In 1956 Pollock said: "My painting does not come from the easel. I prefer to tack the unstretched canvas to the hard wall or the floor. I need the resistance of a hard surface. On the floor I am more at ease. I feel nearer, more part of the painting, since this way I can walk around it, work from the four sides and literally be in the painting.
I continue to get further away from the usual painter's tools such as easel, palette, brushes, etc. I prefer sticks, trowels, knives and dripping fluid paint or a heavy impasto with sand, broken glass or other foreign matter added.
When I am in my painting, I'm not aware of what I'm doing. It is only after a sort of 'get acquainted' period that I see what I have been about. I have no fear of making changes, destroying the image, etc., because the painting has a life of its own. I try to let it come through. It is only when I lose contact with the painting that the result is a mess. Otherwise there is pure harmony, an easy give and take, and the painting comes out well.”
This manner of Action painting had in common with Surrealist theories of automatism that it was supposed by artists and critics alike to result in a direct expression or revelation of the unconscious moods of the artist.
Pollock's name is also associated with the introduction of the All-over style of painting that avoids any points of emphasis or identifiable parts within the whole canvas and therefore abandons the traditional idea of composition in terms of relations among parts.
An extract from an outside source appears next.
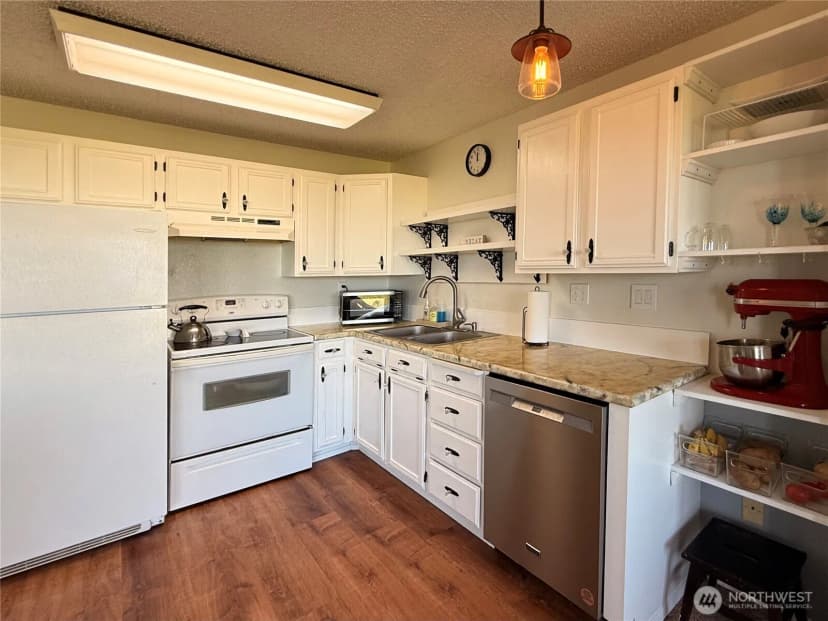 Property photo for 1317 Ocean Shores Boulevard Sw #2, Ocean Shores photo 7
The design of his painting had no relation to the shape or size of the canvas, indeed in the finished work the canvas was sometimes docked or trimmed to suit the image. All these characteristics were important for the new American painting that matured in the late 1940s and early 1950s.
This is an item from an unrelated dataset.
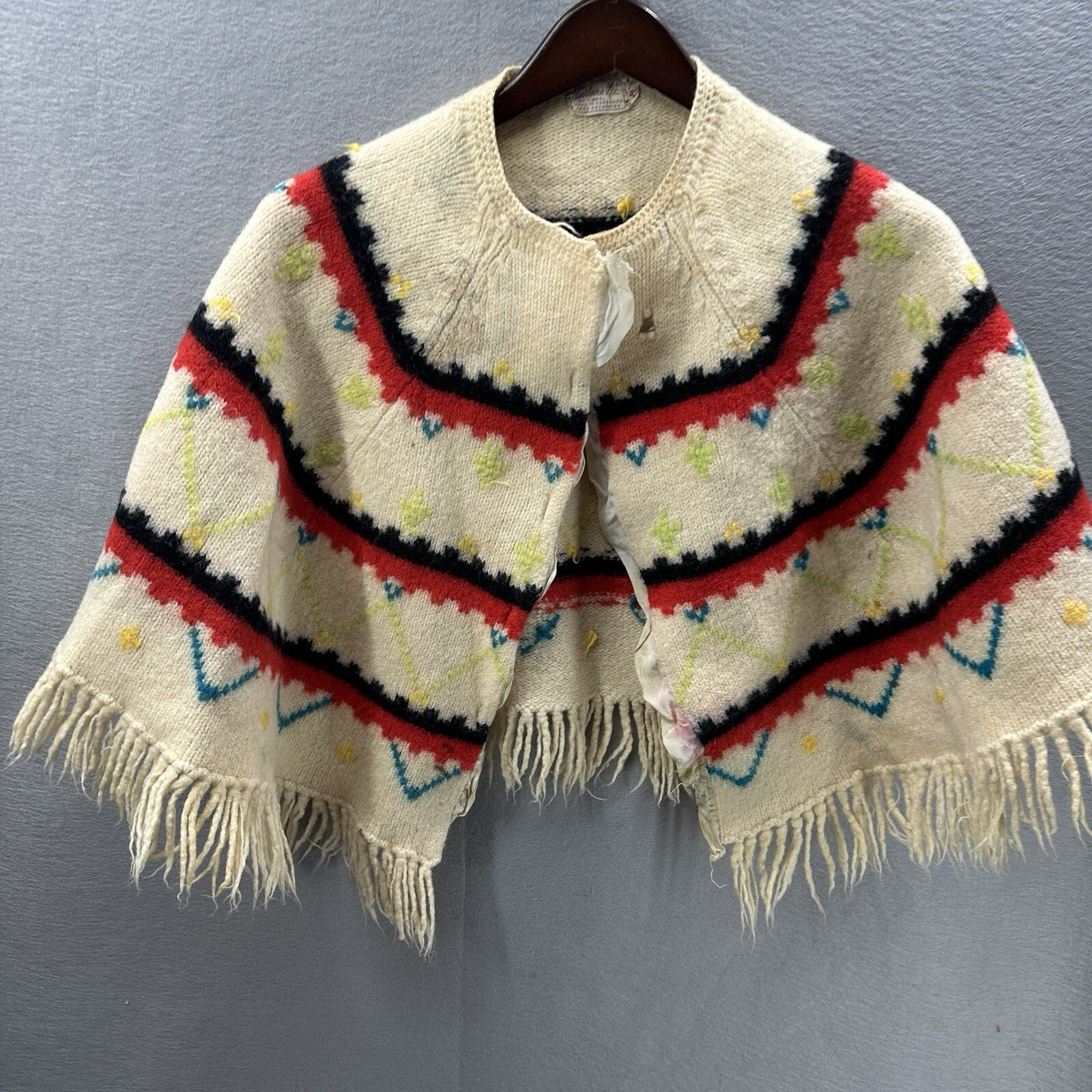 Vintage Barbara Lee Fringed Cape Shawl Poncho Aztec Wool Womens M Native READ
During the 1950s Pollock continued to produce figurative or quasi-figurative black and white works and delicately modulated paintings in rich impasto as well as the paintings in the new all-over style. He was strongly supported by advanced critics, but was also subject to much abuse and sarcasm as the leader of a still little comprehended style; in 1956 Time magazine called him ‘Jack the Dripper’.
By the 1960s, however, he was generally recognized as the most important figure in the most important movement of the century in American painting, but a movement from which artists were already in reaction (Post-Painterly Abstraction). His unhappy personal life (he was an alcoholic) and his premature death in a car crash in 1956 contributed to his legendary status. In 1944 Pollock married Lee Krasner (1911-84), who was an Abstract Expressionist painter of some distinction, although it was only after her husband's death that she received serious critical recognition.
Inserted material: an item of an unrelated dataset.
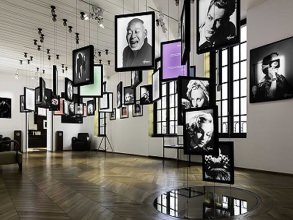 Studio Harcourt et galerie de photos de stars- visite guidée paris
In December 1956, he was given a memorial retrospective exhibition at the Museum of Modern Art in New York and a larger more comprehensive exhibition there in 1967. More recently, in 1998 and 1999, his work was honoured with large-scale retrospective exhibitions at MoMA and at Tate Britain in London.
In 2000, Pollock was the subject of an Academy Award winning film, Pollock, directed by and starring Ed Harris.
1942 Male and Female
1942 Stenographic Figure
1942 The Moon-Woman
1943 Blue (Moby Dick)
1943 Guardians of the Secret
1943 The Key
1946 Shimmering Substance
1947 Full Fathom Five
1948 Number 1A
Number 1A detail
1950 Autumn Rhythm
Autumn rhythm detail
1950 Lavender Mist
1952 Blue Poles
1953 The Deep
And finally, a painting by Norman Rockwell from 1962 called 'Connoisseur'. I'm not sure whether it is intended as an homage to Pollock or a kick on the shins.